What makes a film HYGGE?

What makes film or television be described as Hyggelig? Does it have to be warm and cosy or have fantastic visuals? Does it have to be set in Scandinavia and have a crackling fireplace in every scene? It’s up to you! The films we choose might not be to your fancy but they all certainly have a Hyggelig feeling that will get you appreciating all those small moments (and give you those warm and fuzzy feelings).

Spirited Away (2001)

Studio Ghibli is well known for creating films with great character and charming animations. Although there are so many fantastic Hayao Miyazaki movies to snuggle down to, Spirited Away came forward as one of the most snuggly choices. The narrative begins once you meet ten-year-old Chihiro and her family as they are moving house. Her father takes a wrong turn and they accidentally find a magical town which they begin to explore. Her parents find a food stall which they devour -without a second thought! Upon return, Chihiro finds that her parents have turned into pigs and she is trapped in this magical world. I guess you wouldn’t call that very Hyggelit?

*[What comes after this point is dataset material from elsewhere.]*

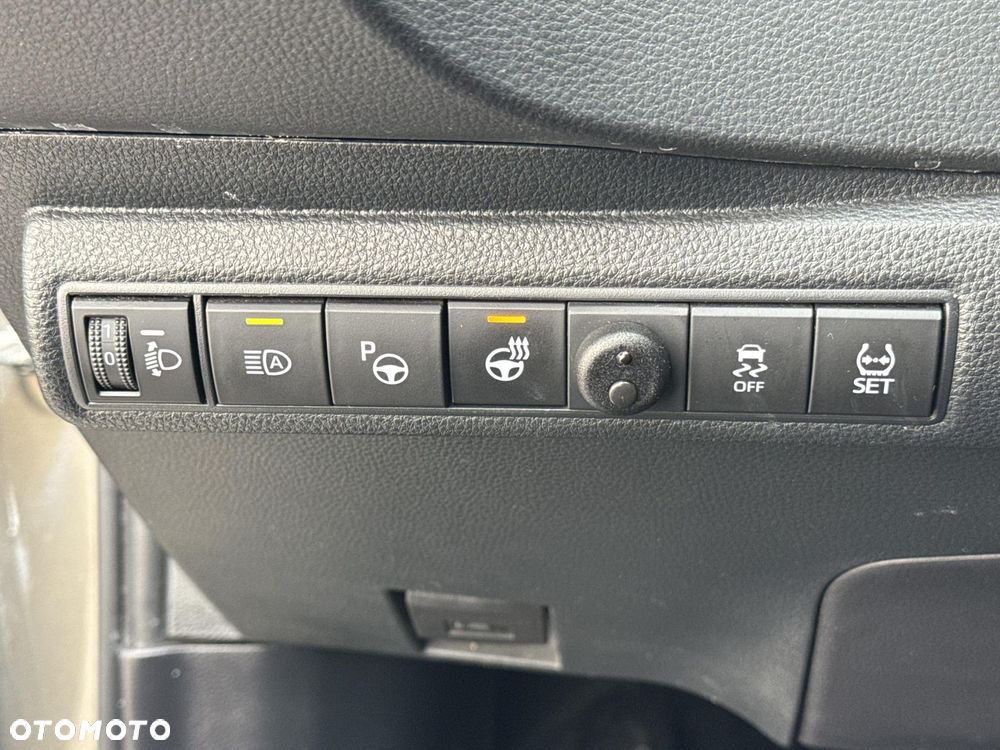 Toyota Corolla 1.8 Hybrid Executive - 21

However, she does settle into this new life and begins working in a bath house. She finds solace in a few new friends (a chubby little mouse and baby bird), steamed buns and working hard. The simulations only add to the cosy aspect and trying to describe them would be an injustice to the calm and spectacular animations.

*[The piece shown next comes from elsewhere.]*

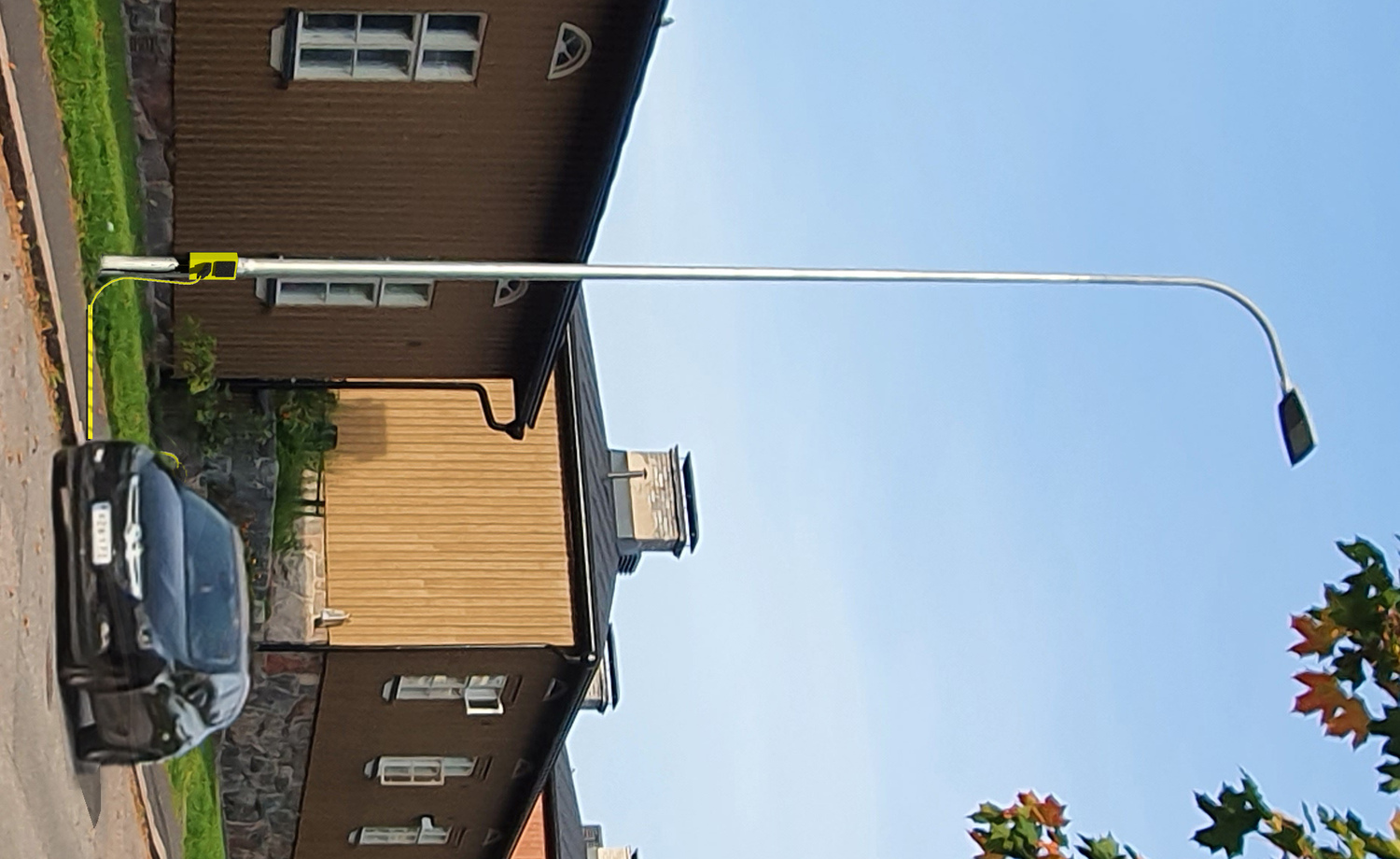 Latauspiste valaisinpylväässä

When Harry Met Sally (1989)

We all adore a chick-flick and whilst there’s so many to choose from, When Harry Met Sally was a strong contender (but honestly any 80’s chick flick will probably do the trick). Watching a chick-flick is all about snuggling up with some friends, cracking out a bottle of wine and enjoying the simplicity of the evening.

Harry and Sally finish college together and share the drive back to New York City, where they get into a discussion about whether women and men can have platonic relationships. They leave on unfriendly terms but rekindle a few times as they grow up, creating a deep and meaningful relationship as friends and maybe even lovers.

Nebraska (2013)

Shot exclusively in black and white, Nebraska follows the heart-warming story of a son and his father. Woody Grant is an old alcoholic who is found wondering the streets in Montana. His son, David, comes to collect him and learns that his father wishes to go to Lincoln, Nebraska to collect a million dollars that he thinks he has won. Sadly, the letter he received saying he has won a million dollars is a scam and David is more than aware of this.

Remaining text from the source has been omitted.